_INSTRUCTIONS FOR THE TASK:_ Could you give back the records exactly, taking out the pictures?

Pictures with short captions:
● ● ● ●

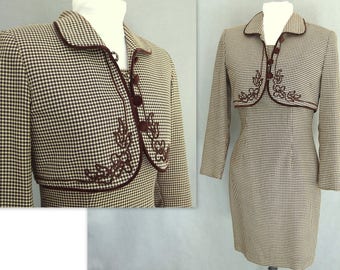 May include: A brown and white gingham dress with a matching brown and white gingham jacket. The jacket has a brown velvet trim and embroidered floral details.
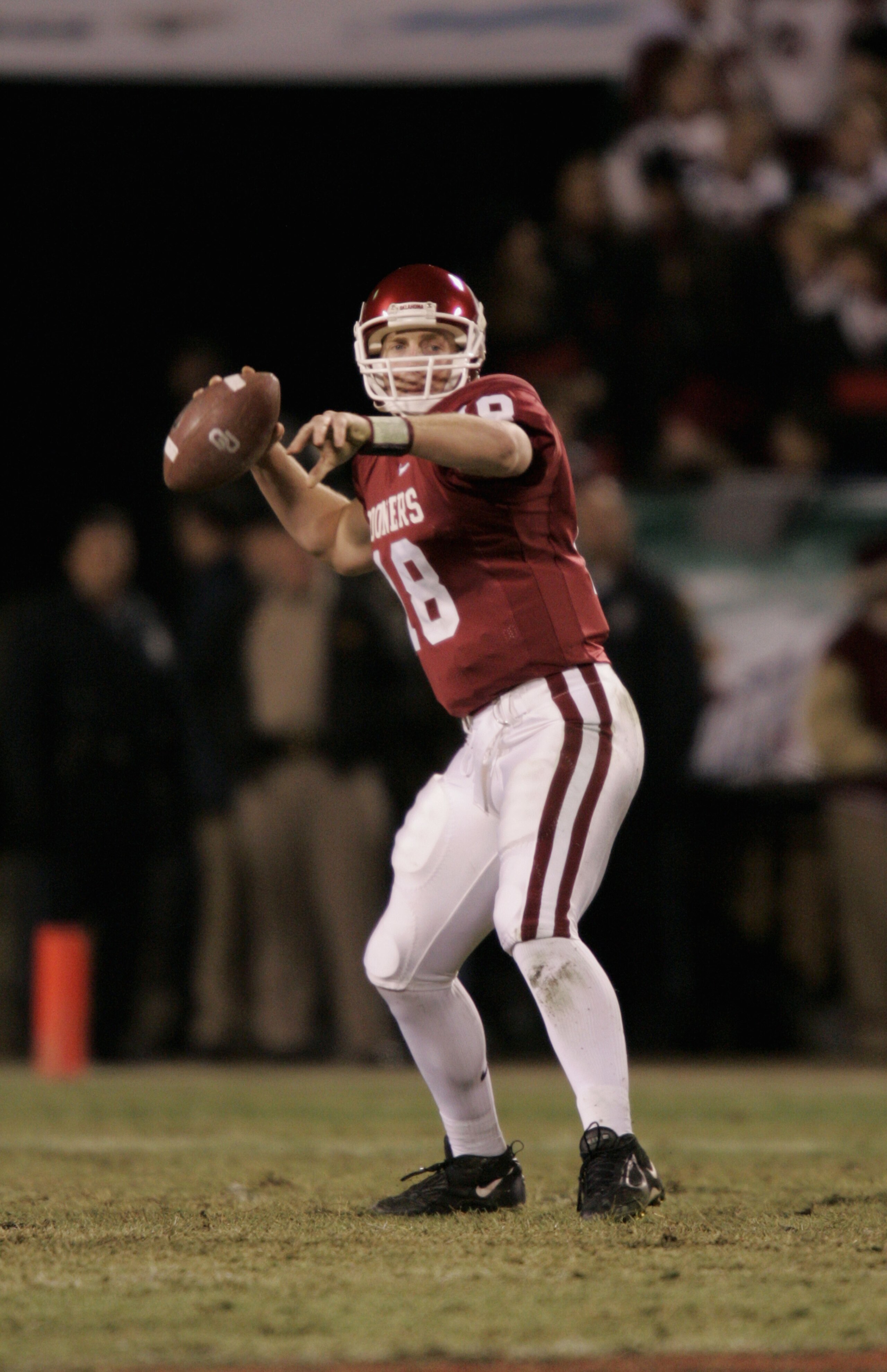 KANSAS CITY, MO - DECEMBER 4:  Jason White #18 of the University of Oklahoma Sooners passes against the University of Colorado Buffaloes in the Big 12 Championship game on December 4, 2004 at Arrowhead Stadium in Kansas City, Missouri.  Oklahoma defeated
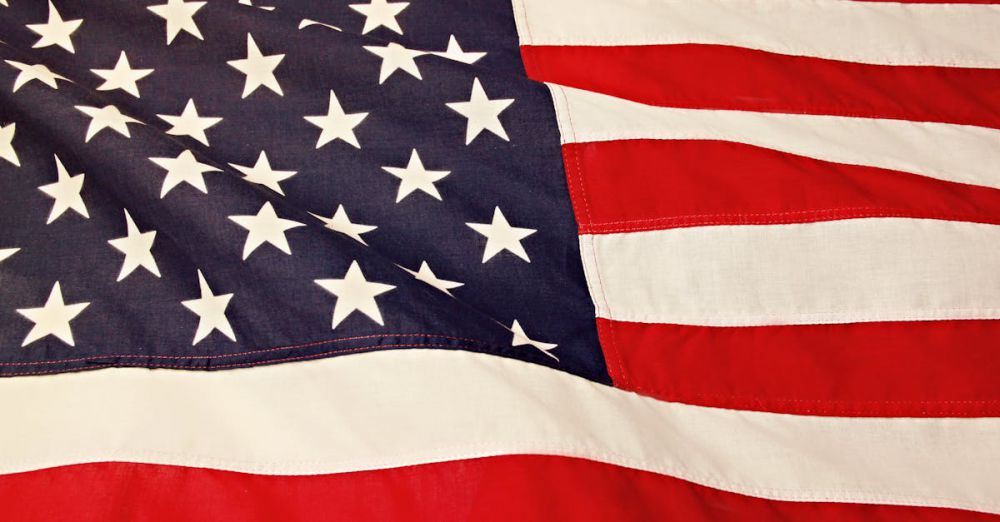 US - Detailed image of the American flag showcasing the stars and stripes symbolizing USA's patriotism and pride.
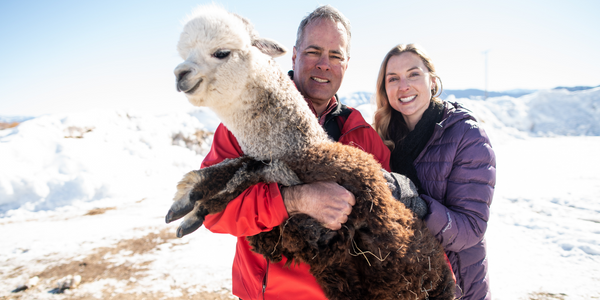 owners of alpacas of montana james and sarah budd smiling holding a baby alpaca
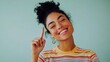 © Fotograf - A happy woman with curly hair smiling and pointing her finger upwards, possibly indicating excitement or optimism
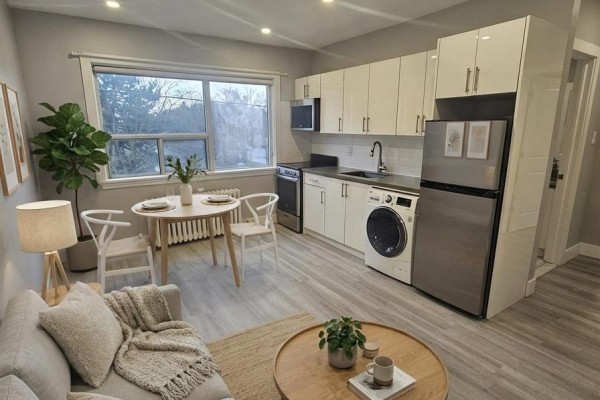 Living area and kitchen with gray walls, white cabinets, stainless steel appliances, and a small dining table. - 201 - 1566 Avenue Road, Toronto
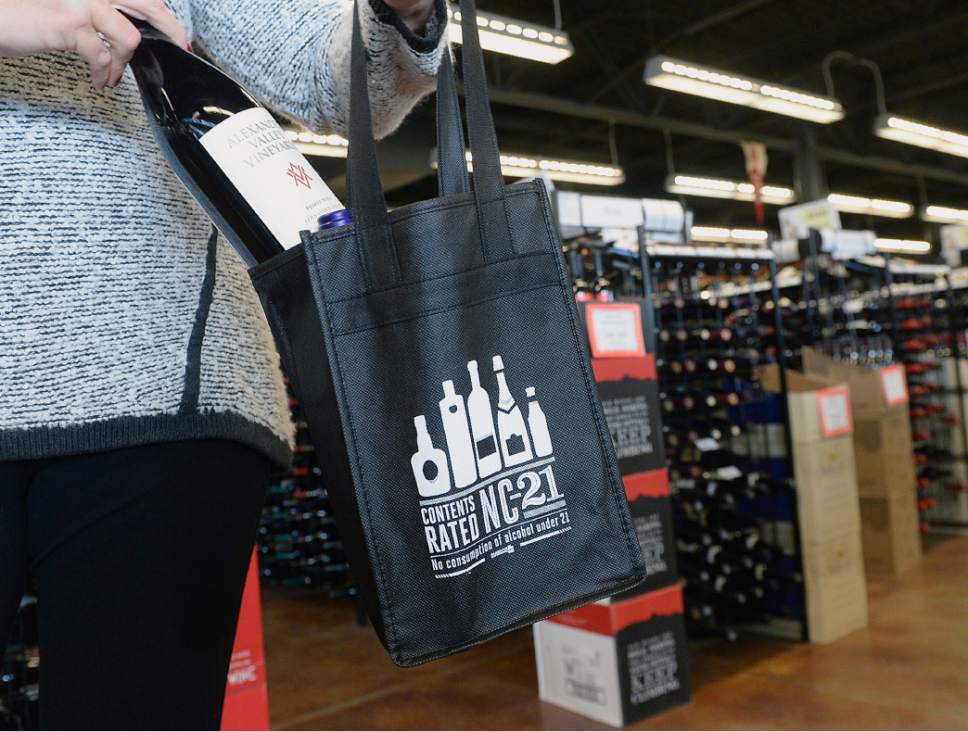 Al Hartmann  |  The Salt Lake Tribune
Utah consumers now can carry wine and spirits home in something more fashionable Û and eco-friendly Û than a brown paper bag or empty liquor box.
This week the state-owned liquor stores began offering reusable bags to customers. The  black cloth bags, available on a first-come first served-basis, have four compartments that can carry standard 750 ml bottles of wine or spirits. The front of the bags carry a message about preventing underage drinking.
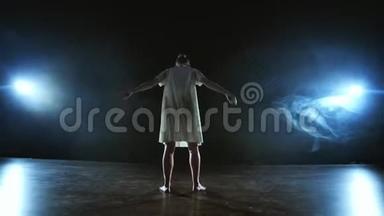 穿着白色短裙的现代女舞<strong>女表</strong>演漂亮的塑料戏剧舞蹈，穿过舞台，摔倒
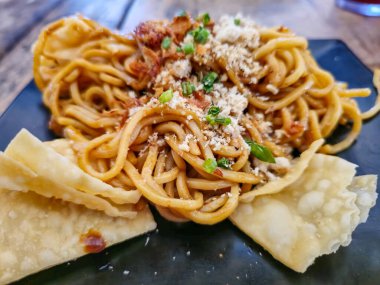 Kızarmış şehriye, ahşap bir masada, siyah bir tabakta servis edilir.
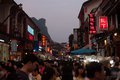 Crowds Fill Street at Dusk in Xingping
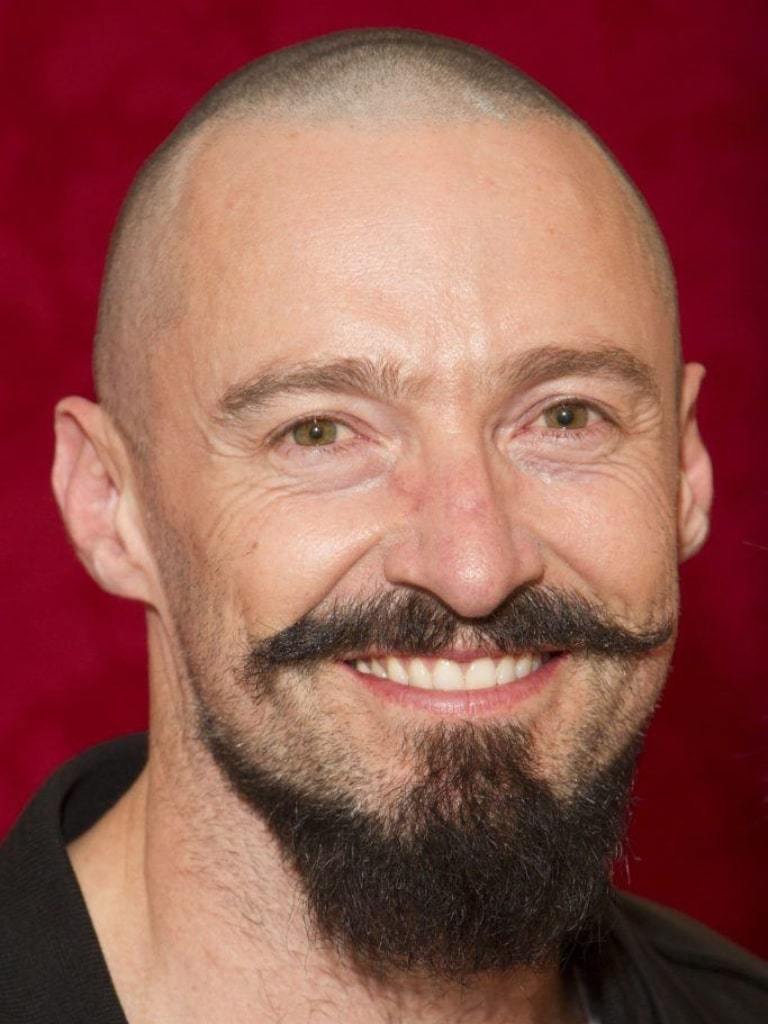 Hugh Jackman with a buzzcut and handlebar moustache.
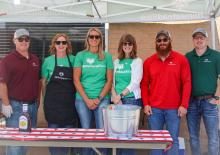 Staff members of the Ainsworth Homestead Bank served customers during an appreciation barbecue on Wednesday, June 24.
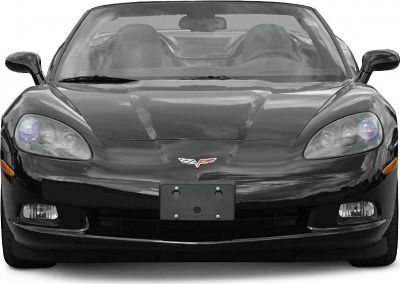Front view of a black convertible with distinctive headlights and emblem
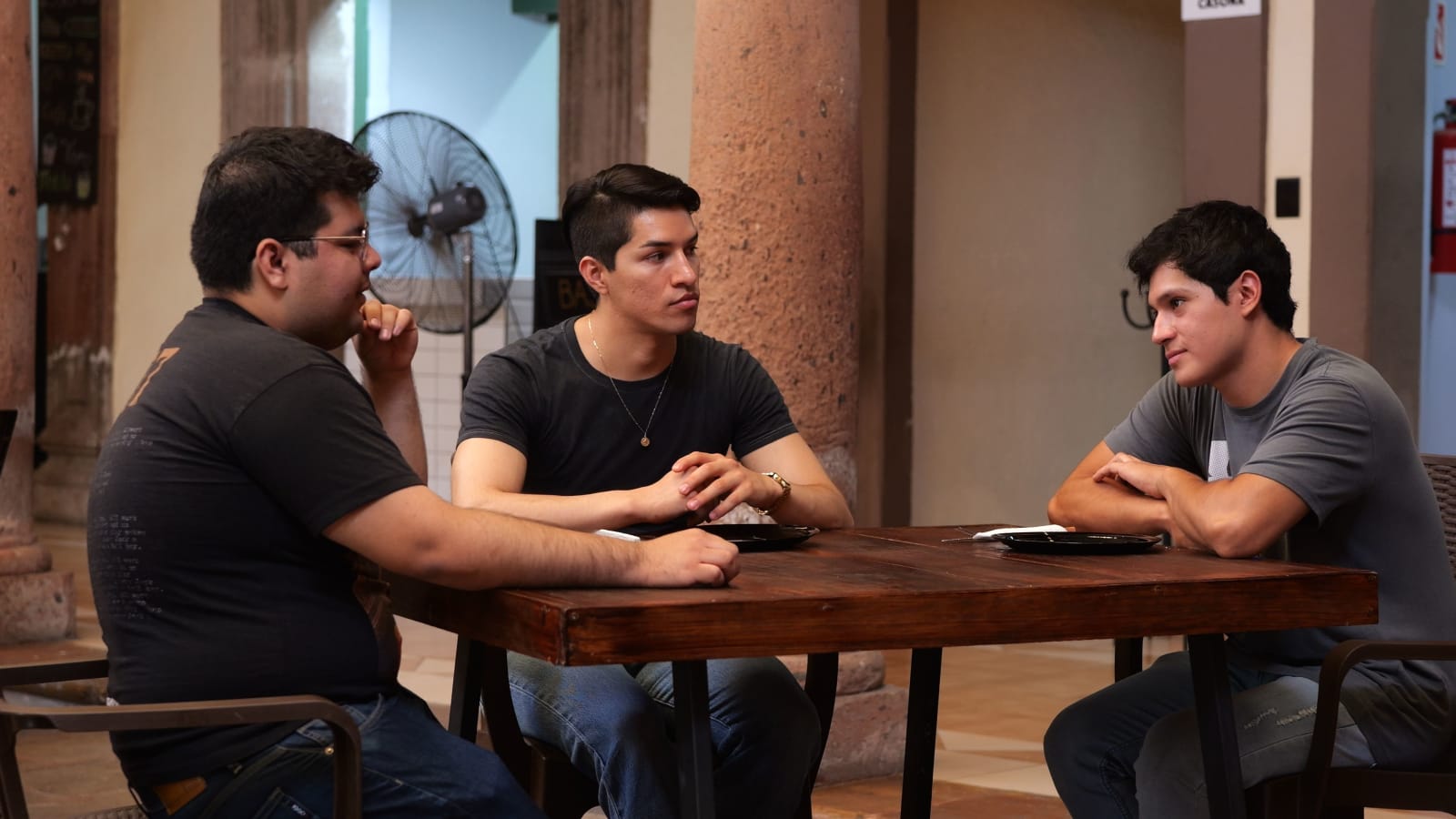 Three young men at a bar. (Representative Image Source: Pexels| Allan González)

● ● ● ●

_YOUR RESPONSE:_
 May include: A brown and white gingham dress with a matching brown and white gingham jacket. The jacket has a brown velvet trim and embroidered floral details.
 KANSAS CITY, MO - DECEMBER 4:  Jason White #18 of the University of Oklahoma Sooners passes against the University of Colorado Buffaloes in the Big 12 Championship game on December 4, 2004 at Arrowhead Stadium in Kansas City, Missouri.  Oklahoma defeated
 US - Detailed image of the American flag showcasing the stars and stripes symbolizing USA's patriotism and pride.
 owners of alpacas of montana james and sarah budd smiling holding a baby alpaca
 © Fotograf - A happy woman with curly hair smiling and pointing her finger upwards, possibly indicating excitement or optimism
 Living area and kitchen with gray walls, white cabinets, stainless steel appliances, and a small dining table. - 201 - 1566 Avenue Road, Toronto
 Al Hartmann  |  The Salt Lake Tribune
Utah consumers now can carry wine and spirits home in something more fashionable Û and eco-friendly Û than a brown paper bag or empty liquor box.
This week the state-owned liquor stores began offering reusable bags to customers. The  black cloth bags, available on a first-come first served-basis, have four compartments that can carry standard 750 ml bottles of wine or spirits. The front of the bags carry a message about preventing underage drinking.
 穿着白色短裙的现代女舞<strong>女表</strong>演漂亮的塑料戏剧舞蹈，穿过舞台，摔倒
 Kızarmış şehriye, ahşap bir masada, siyah bir tabakta servis edilir.
 Crowds Fill Street at Dusk in Xingping
 Hugh Jackman with a buzzcut and handlebar moustache.
 Staff members of the Ainsworth Homestead Bank served customers during an appreciation barbecue on Wednesday, June 24.
Front view of a black convertible with distinctive headlights and emblem
 Three young men at a bar. (Representative Image Source: Pexels| Allan González)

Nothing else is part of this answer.